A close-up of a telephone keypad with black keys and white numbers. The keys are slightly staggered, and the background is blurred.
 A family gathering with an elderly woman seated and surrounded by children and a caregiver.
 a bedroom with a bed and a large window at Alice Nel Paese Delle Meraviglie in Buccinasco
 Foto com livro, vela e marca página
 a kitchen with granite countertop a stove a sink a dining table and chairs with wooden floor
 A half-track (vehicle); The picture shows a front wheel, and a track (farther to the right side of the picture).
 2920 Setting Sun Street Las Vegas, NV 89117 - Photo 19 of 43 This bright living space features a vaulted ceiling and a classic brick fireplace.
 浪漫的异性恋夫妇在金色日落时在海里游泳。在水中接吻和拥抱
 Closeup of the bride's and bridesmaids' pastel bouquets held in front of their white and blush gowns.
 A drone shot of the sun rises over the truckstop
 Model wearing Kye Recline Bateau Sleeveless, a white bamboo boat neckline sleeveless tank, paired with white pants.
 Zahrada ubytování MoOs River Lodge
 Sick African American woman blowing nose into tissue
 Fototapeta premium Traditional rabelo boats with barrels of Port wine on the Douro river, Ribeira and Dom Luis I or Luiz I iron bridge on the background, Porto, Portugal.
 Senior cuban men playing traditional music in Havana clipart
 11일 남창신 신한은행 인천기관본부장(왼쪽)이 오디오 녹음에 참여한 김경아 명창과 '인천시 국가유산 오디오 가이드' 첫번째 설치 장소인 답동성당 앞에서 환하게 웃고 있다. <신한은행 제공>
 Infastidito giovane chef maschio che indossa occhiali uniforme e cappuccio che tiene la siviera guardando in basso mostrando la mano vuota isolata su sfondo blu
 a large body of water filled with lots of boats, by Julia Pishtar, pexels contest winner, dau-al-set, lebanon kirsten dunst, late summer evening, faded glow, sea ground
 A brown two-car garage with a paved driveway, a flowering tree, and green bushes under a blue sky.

====

◆ AIM OF THE TASK:
Everything from the line containing "Sick African American" through the final line of the records is what you should print, exactly and with nothing added.

◆ EXERCISE SOLUTION:
 Sick African American woman blowing nose into tissue
 Fototapeta premium Traditional rabelo boats with barrels of Port wine on the Douro river, Ribeira and Dom Luis I or Luiz I iron bridge on the background, Porto, Portugal.
 Senior cuban men playing traditional music in Havana clipart
 11일 남창신 신한은행 인천기관본부장(왼쪽)이 오디오 녹음에 참여한 김경아 명창과 '인천시 국가유산 오디오 가이드' 첫번째 설치 장소인 답동성당 앞에서 환하게 웃고 있다. <신한은행 제공>
 Infastidito giovane chef maschio che indossa occhiali uniforme e cappuccio che tiene la siviera guardando in basso mostrando la mano vuota isolata su sfondo blu
 a large body of water filled with lots of boats, by Julia Pishtar, pexels contest winner, dau-al-set, lebanon kirsten dunst, late summer evening, faded glow, sea ground
 A brown two-car garage with a paved driveway, a flowering tree, and green bushes under a blue sky.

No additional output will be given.